I am sure you agree while it is fun to look at bf-programs, like the

Sierpinski triangle or the Mandelbrot program, being interpreted, it

is much more fun to write a compiler for the bf-language.

\subsubsection*{Tasks (file bfc.scala)}

\begin{itemize}

\item[(5)] Compilers in general attempt to make programs run

  faster by precomputing as much information as possible

  before running the program. In our case we can precompute the

  addresses where we need to jump at the beginning and end of

  loops. 

  For this write a function \texttt{jtable} that precomputes the ``jump

  table'' for a bf-program. This function takes a bf-program 

  as an argument and returns a \texttt{Map[Int, Int]}. The 

  purpose of this Map is to record the information, in cases

  a pc-position points to a '\texttt{[}' or a '\texttt{]}',

  to which pc-position do we need to jump next?

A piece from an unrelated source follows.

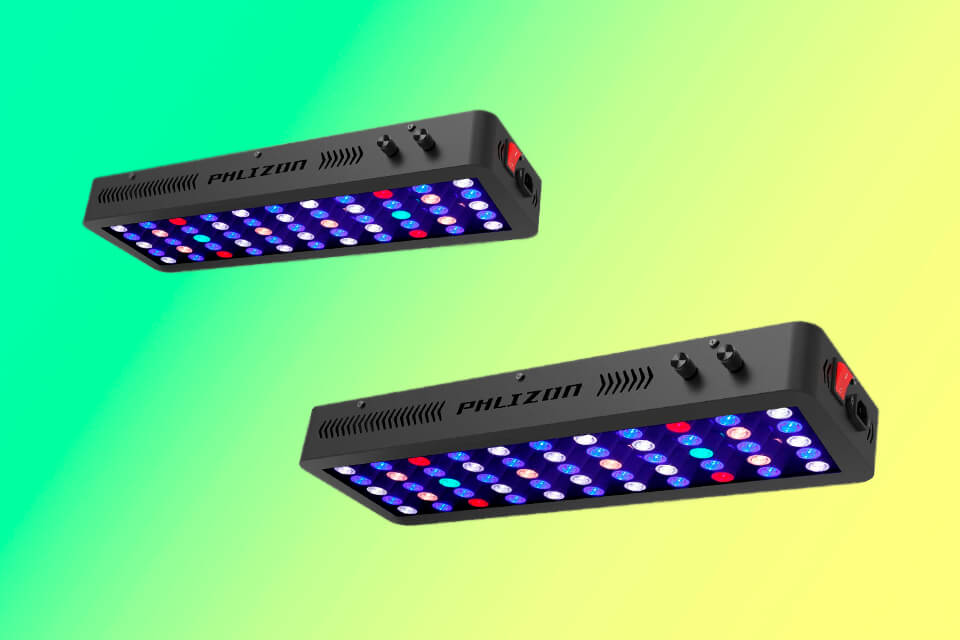 11 Best Lights For Coral Growth in 2024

  For example for the program

  \begin{center}

    \texttt{+++++[->++++++++++<]>--<+++[->>++++++++++}

    \texttt{<<]>>++<<----------[+>.>.<+<]}

  \end{center}

  we obtain the Map (note the precise numbers might differ depending on white

  spaces etc.~in the bf-program):

  \begin{center}

  \texttt{Map(69 -> 61, 5 -> 20, 60 -> 70, 27 -> 44, 43 -> 28, 19 -> 6)}

  \end{center}  

  This Map states that for the '\texttt{[}' on position 5, we need to

  jump to position 20, which is just after the corresponding '\texttt{]}'.

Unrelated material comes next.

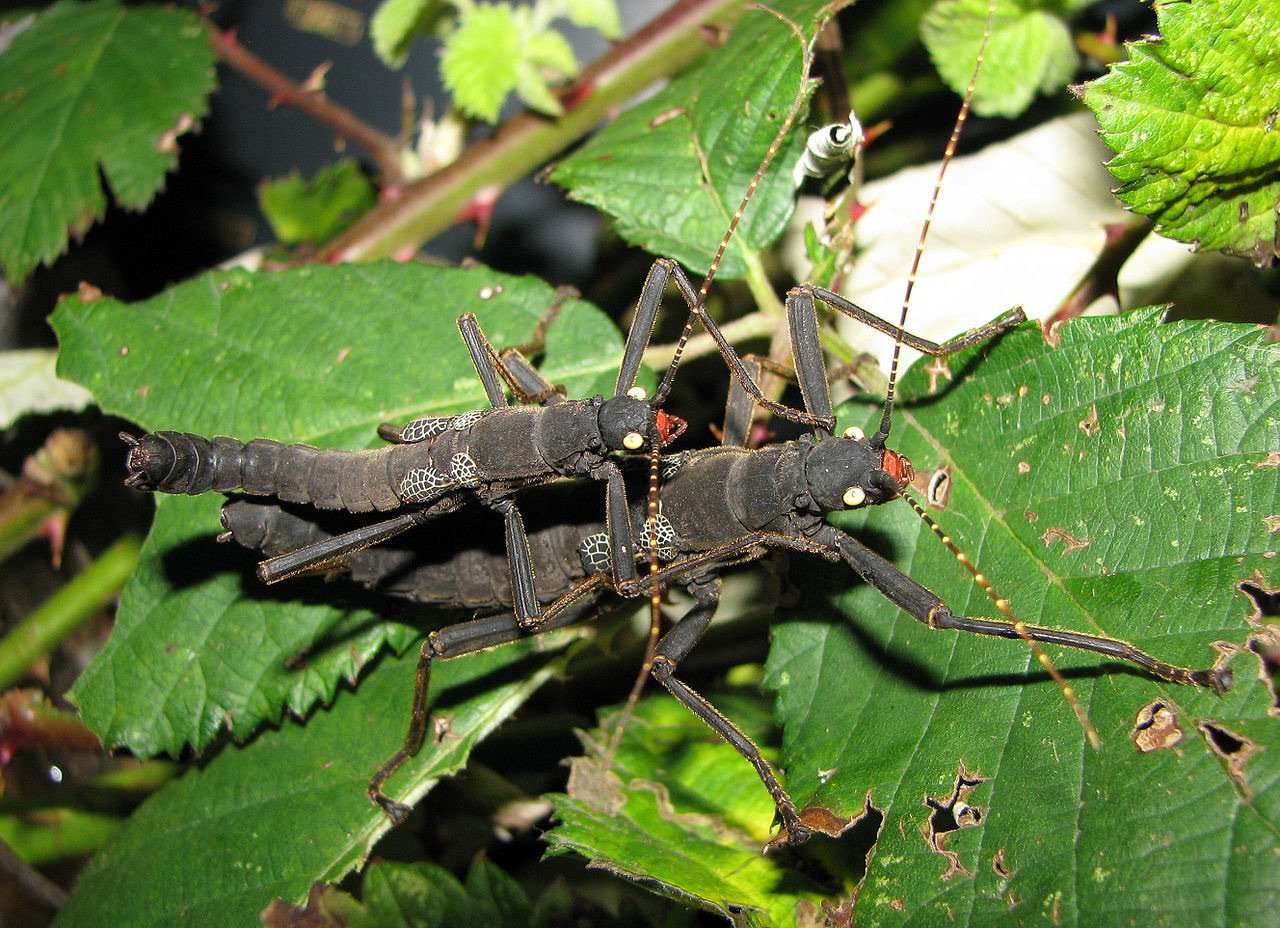 black_beauty”_peruphasma_schultei__stick_insect_nymphs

  Similarly, for the '\texttt{]}' on position 19, we need to jump to

  position 6, which is just after the '\texttt{[}' on position 5, and so

  on. The idea is to not calculate this information each time

  we hit a bracket, but just look up this information in the 

  \texttt{jtable}. 

  Then adapt the \texttt{compute} and \texttt{run} functions

  from Part 1 in order to take advantage of the information

  stored in the \texttt{jtable}. This means whenever \texttt{jumpLeft}

  and \texttt{jumpRight} was called previously, you should look

  up the jump address in the \texttt{jtable}. Feel free to reuse

  the function \texttt{jumpLeft} and \texttt{jumpRight} for

  calculating the \texttt{jtable}.\hfill{[1 Mark]}

\item[(6)] Compilers try to eliminate any ``dead'' code that could

  slow down programs and also perform what is often called

  \emph{peephole

    optimisations}.\footnote{\url{https://en.wikipedia.org/wiki/Peephole_optimization}}

  For the latter consider that it is difficult for compilers to

  comprehend what is intended with whole programs, but they are very good

  at finding out what small snippets of code do, and then try to

  generate faster code for such snippets.

  In our case, dead code is everything that is not a bf-command.